# Quarter Zip/Half Zip



## Danny (Mar 24, 2005)

What do you guys think of this type of sweater? It seems to have become almost de rigueur over the past 4 or 5 years. Does it have any sartorial gravity or is it just a weirdo psuedo athletic styling?

Danny


----------



## JDC (Dec 2, 2006)

Danny said:


> What do you guys think of this type of sweater? It seems to have become almost de rigueur over the past 4 or 5 years. Does it have any sartorial gravity or is it just a weirdo psuedo athletic styling?
> 
> Danny


It's a tough design to coordinate. Worn alone and with the collar unzipped, it looks like an oversized polo neck or half-finished shawl collar. Alone and zipped up, it looks a bit effeminate (like a woman's turtleneck with the zipper in front instead of in back).

The only combo I've seen that looks good is with the collar partially unzipped, and a shirt or standard men's turtleneck worn underneath.


----------



## tntele (Apr 12, 2007)

I also think that these look good over a shirt and tie. Reference from Tilt's thread earlier in the week.


----------



## maxnharry (Dec 3, 2004)

I have a quarter one from Barbour and think it's pretty versatile.


----------



## Naval Gent (May 12, 2007)

I don't like them (for me). In my mind there's nothing "traditional" about them. On the other hand, there are many other things that a man could wear that are much, much worse.
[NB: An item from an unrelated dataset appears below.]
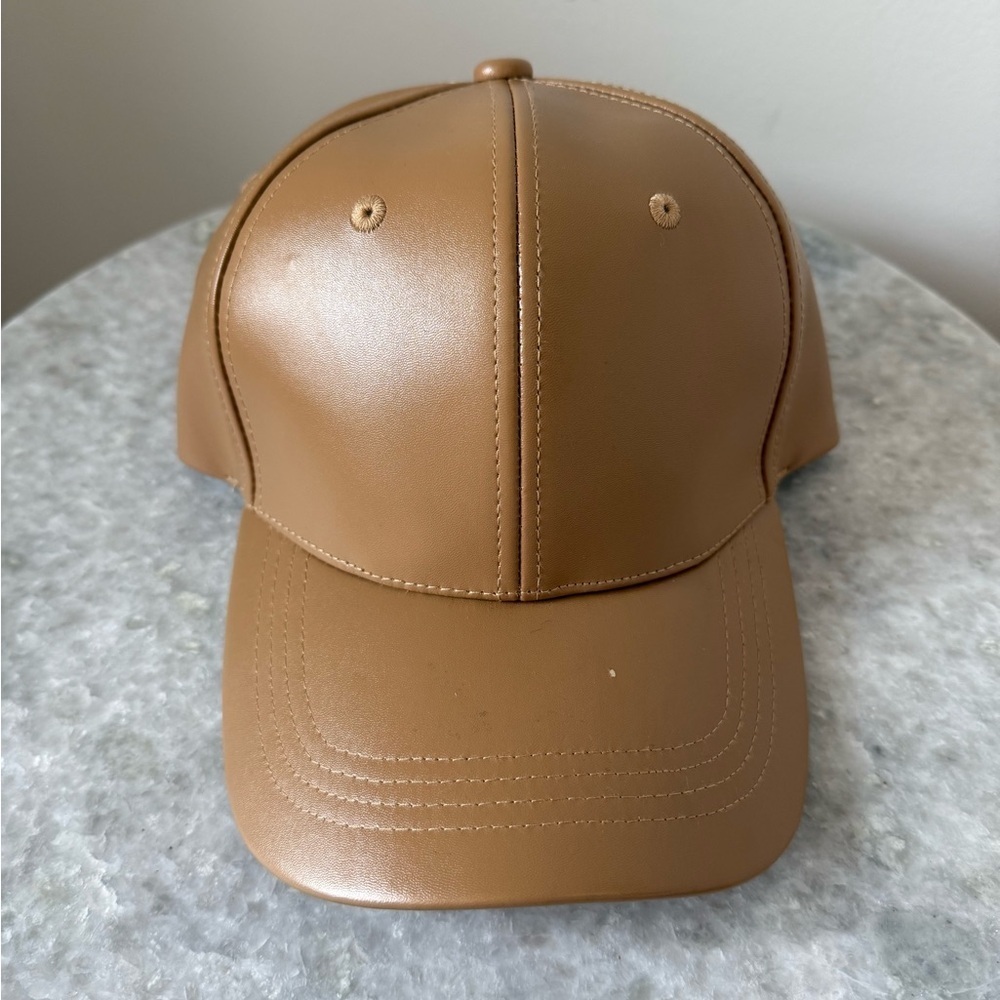 Brown Polyurethane Baseball Cap - Picture 3 of 5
My boys have one or two of the BB 1/4 zip ones, and they're OK for teenagers, I guess. Not for the purist, however.

Scott


----------



## DougNZ (Aug 31, 2005)

I don't like the way the zip makes the collar stiff. I much prefer a 3 button rugby style sweater.


----------



## Topsider (Jul 9, 2005)

Danny said:


> What do you guys think of this type of sweater? It seems to have become almost de rigueur over the past 4 or 5 years. Does it have any sartorial gravity or is it just a weirdo psuedo athletic styling?


The latter, IMO.

I confess to owning one, a dark-gray number from L. L. Bean, made in Norway. Typically, I'll wear it over a cotton turtleneck. The zipper lets you "ventilate" a bit if you start to get a little too warm, something you can't do with a crewneck sweater.
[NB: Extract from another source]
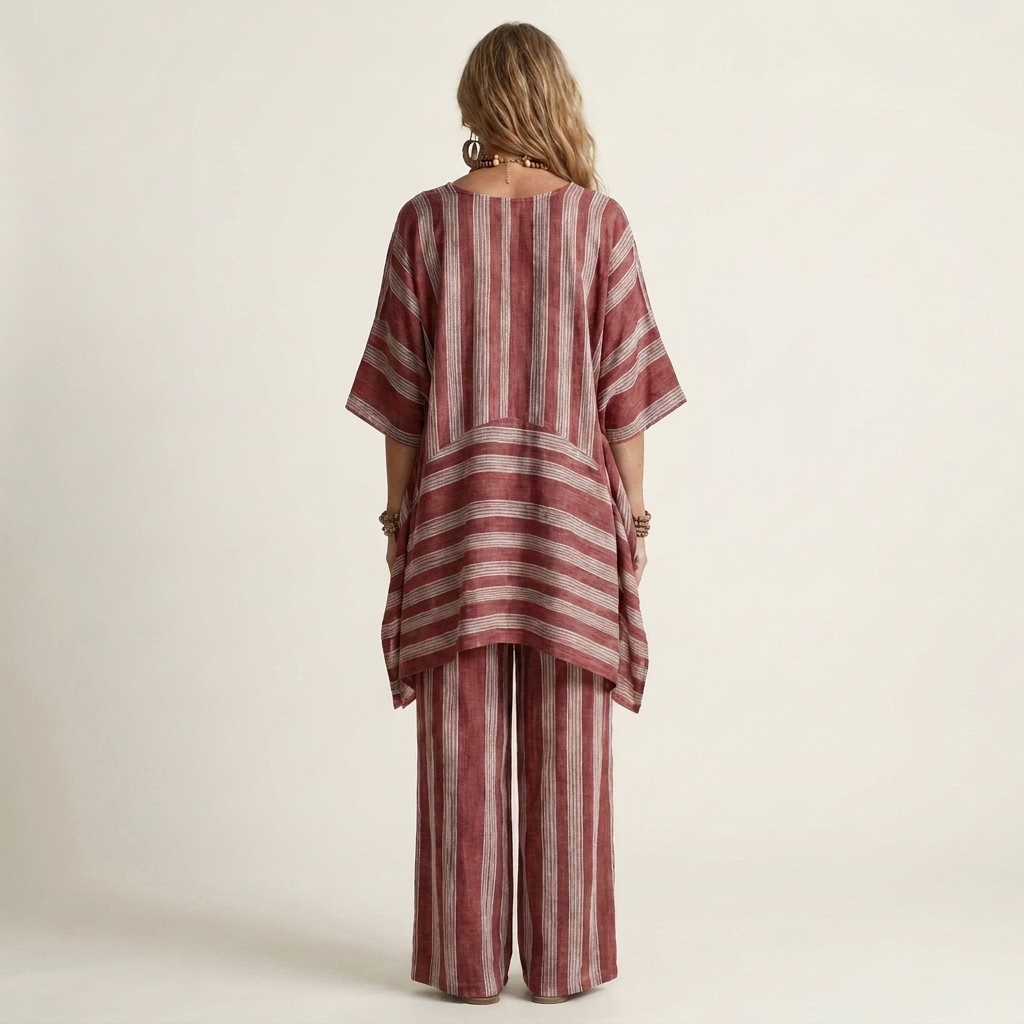 Kiara | Ensemble Bicolore en Coton-Lin à Rayures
It's not really very traditional.


----------



## Asterix (Jun 7, 2005)

Own 5 of them from Orvis and I wear them with OCBDs. They are comfortable and serve as a deviation from the conventional crew neck or v-neck sweaters.


----------



## Cool Cal (Jan 19, 2007)

I like the look when it is done well. Unfortunatley, every time I try one on, something looks a bit off.


----------



## PittDoc (Feb 24, 2007)

These sweaters appear to be for sale everywhere. Stacks of them in TJMaxx. All the catalogs crowding my mailbox this season have them. Just too common and not at all Trad IMHO.


----------



## dopey (Jan 17, 2005)

I have seen in person and it is by far the nicest iteration in the genre that I have come across. Click on the closeup to see the cashmere pile. It is really beautiful stuff.


----------



## A.Squire (Apr 5, 2006)

Zips! What's a man to do? They're everywhere. I have several, but only wear them with jeans.


----------



## Laxplayer (Apr 26, 2006)

A.Squire said:


> Zips! What's a man to do? They're everywhere. I have several, but only wear them with jeans.
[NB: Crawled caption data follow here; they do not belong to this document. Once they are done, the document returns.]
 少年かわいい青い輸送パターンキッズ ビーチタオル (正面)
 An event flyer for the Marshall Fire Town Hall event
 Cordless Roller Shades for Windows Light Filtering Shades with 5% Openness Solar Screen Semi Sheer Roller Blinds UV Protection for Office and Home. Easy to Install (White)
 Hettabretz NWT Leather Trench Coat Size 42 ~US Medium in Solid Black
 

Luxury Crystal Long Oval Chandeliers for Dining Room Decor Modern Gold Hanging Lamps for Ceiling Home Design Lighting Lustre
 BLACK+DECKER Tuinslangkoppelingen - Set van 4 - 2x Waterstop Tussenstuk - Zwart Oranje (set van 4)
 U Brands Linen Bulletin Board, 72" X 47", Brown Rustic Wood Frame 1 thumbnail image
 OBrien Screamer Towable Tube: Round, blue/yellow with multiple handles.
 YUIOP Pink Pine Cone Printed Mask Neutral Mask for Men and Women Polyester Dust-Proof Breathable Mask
That's how I wear mine...button down shirt, sweater and jeans. They are nice when the weather is cold. Just zip it up around your neck.


----------



## spinlps (Feb 15, 2004)

Laxplayer said:


> That's how I wear mine...button down shirt, sweater and jeans. They are nice when the weather is cold. Just zip it up around your neck.


Ditto. Although I swap in chinos for the denim on occaision.


----------



## Jim In Sunny So Calif (May 13, 2006)

I think zippers were a great invention for trouser flys and for windbreaker type jackets but they don't look right to me on sweaters - makes them look like an athletic warm-up garment to me.

Cheers, Jim.


----------



## tripreed (Dec 8, 2005)

I have a navy one that I bought from J. Crew a few years ago. It rarely gets worn, but I think I am going relegate it to wear on top of a polo shirt on the way to the squash court.


----------



## gar1013 (Sep 24, 2007)

If I'm going to have a zipper, I'd much rather it been a full length one... like this: 

...which I just so happen to be wearing today (in Navy)


----------



## Laxplayer (Apr 26, 2006)

gar1013 said:


> If I'm going to have a zipper, I'd much rather it been a full length one... like this:
> 
> ...which I just so happen to be wearing today (in Navy)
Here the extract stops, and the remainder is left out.